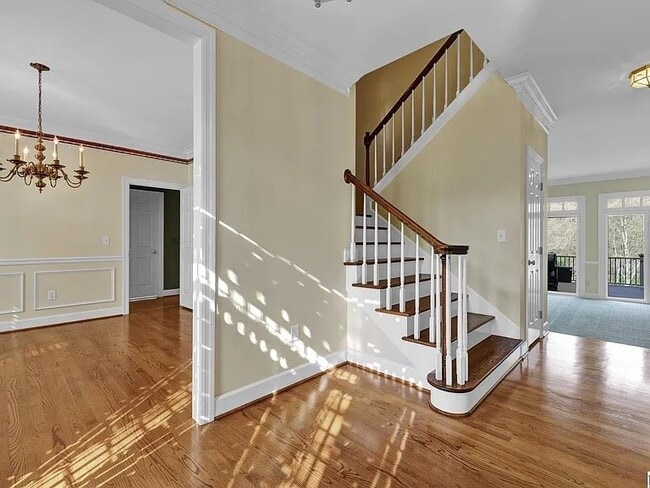 Photo - 3536 Tanglecreek Cir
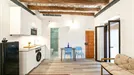 Apartment for rent, Barcelona Ciutat Vella, Barcelona, &lt;span class=&quot;blurred street&quot; onclick=&quot;ProcessAdRequest(11084605)&quot;&gt;&lt;span class=&quot;hint&quot;&gt;See streetname&lt;/span&gt;[xxxxxxxxxxxxx]&lt;/span&gt;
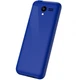 Мобильный телефон Sigma X-style 351 LIDER Blue (4827798121931) (16684) - изображение 4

++++++

## TASK TO CARRY OUT
The task calls for duplicating the data exactly, with no images kept.

## OUTPUT
 Photo - 3536 Tanglecreek Cir
 Apartment for rent, Barcelona Ciutat Vella, Barcelona, &lt;span class=&quot;blurred street&quot; onclick=&quot;ProcessAdRequest(11084605)&quot;&gt;&lt;span class=&quot;hint&quot;&gt;See streetname&lt;/span&gt;[xxxxxxxxxxxxx]&lt;/span&gt;
 Мобильный телефон Sigma X-style 351 LIDER Blue (4827798121931) (16684) - изображение 4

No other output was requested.